DATA BELOW:

● ● ● ●

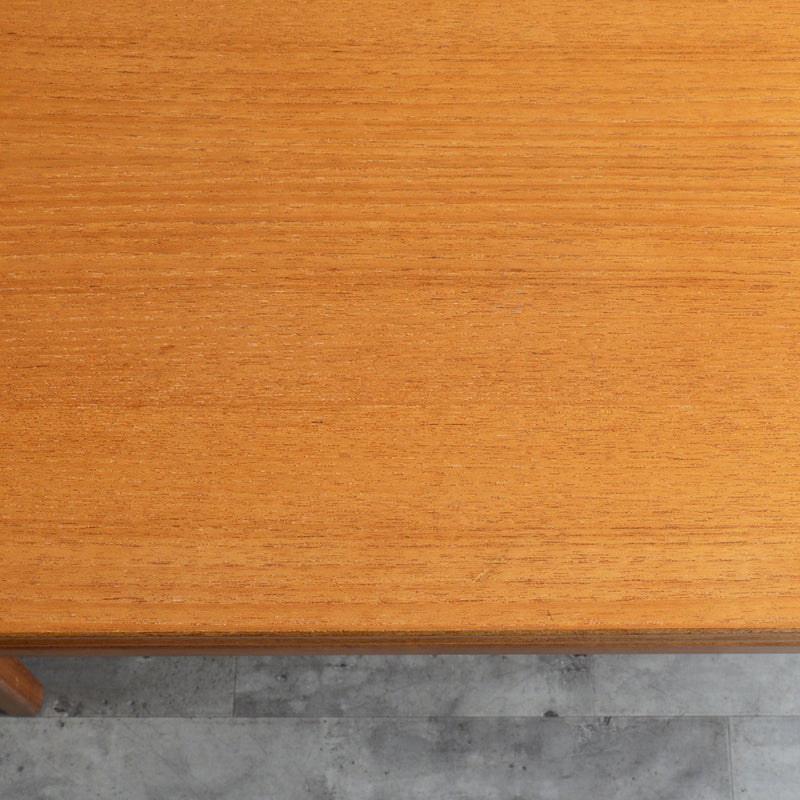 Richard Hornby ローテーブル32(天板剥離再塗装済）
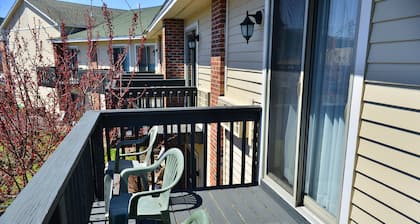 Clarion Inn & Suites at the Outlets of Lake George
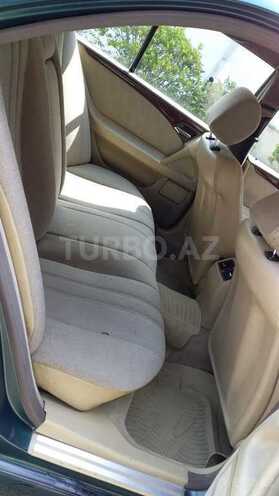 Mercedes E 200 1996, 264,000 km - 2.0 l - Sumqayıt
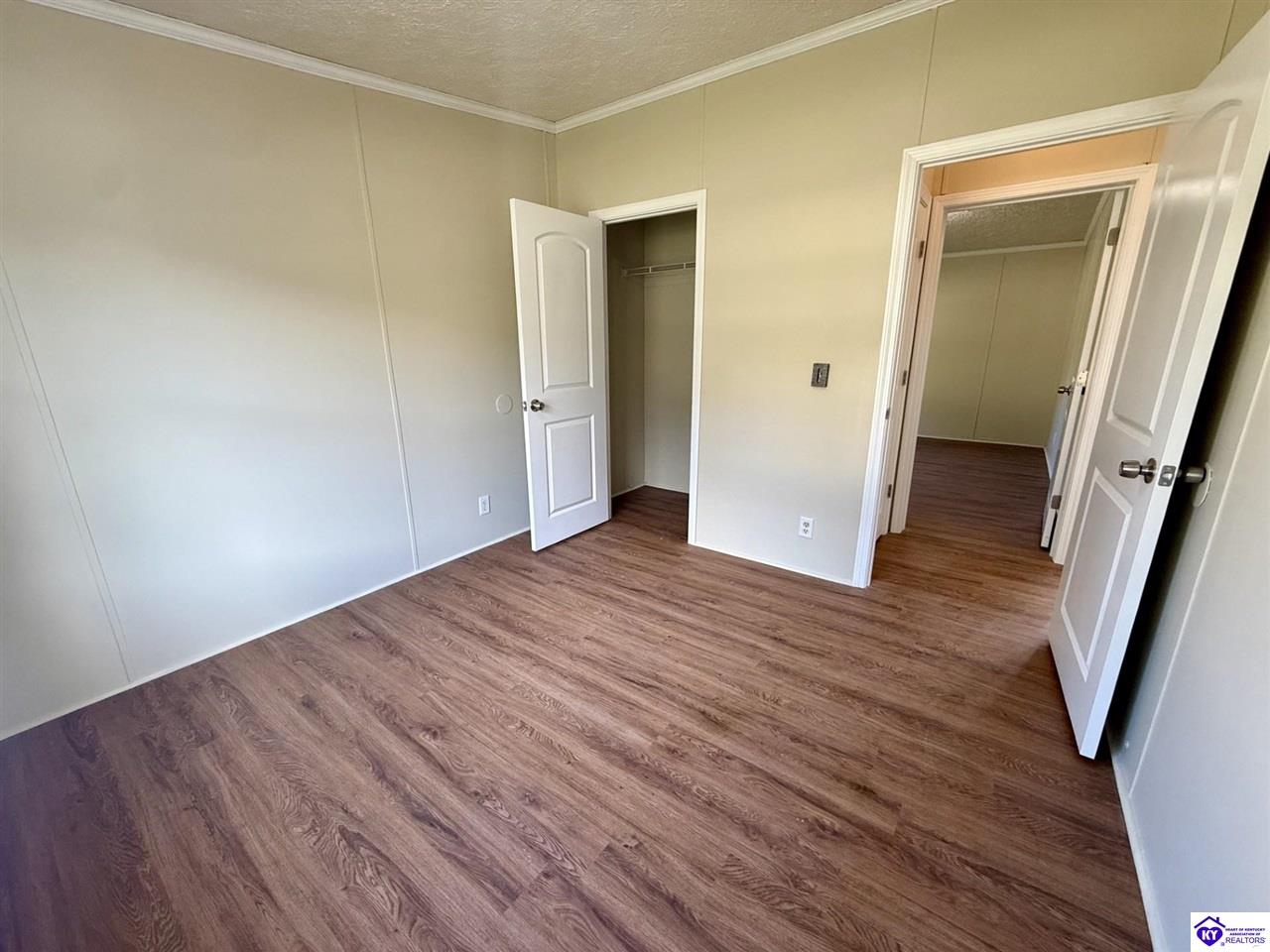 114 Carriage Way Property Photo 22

● ● ● ●

TASK:
Return nothing except the lines from the one containing "Mercedes E 200" through the final line of the data, copied exactly. Leave out all pictures.

RESPONSE TO THE EXERCISE:
 Mercedes E 200 1996, 264,000 km - 2.0 l - Sumqayıt
 114 Carriage Way Property Photo 22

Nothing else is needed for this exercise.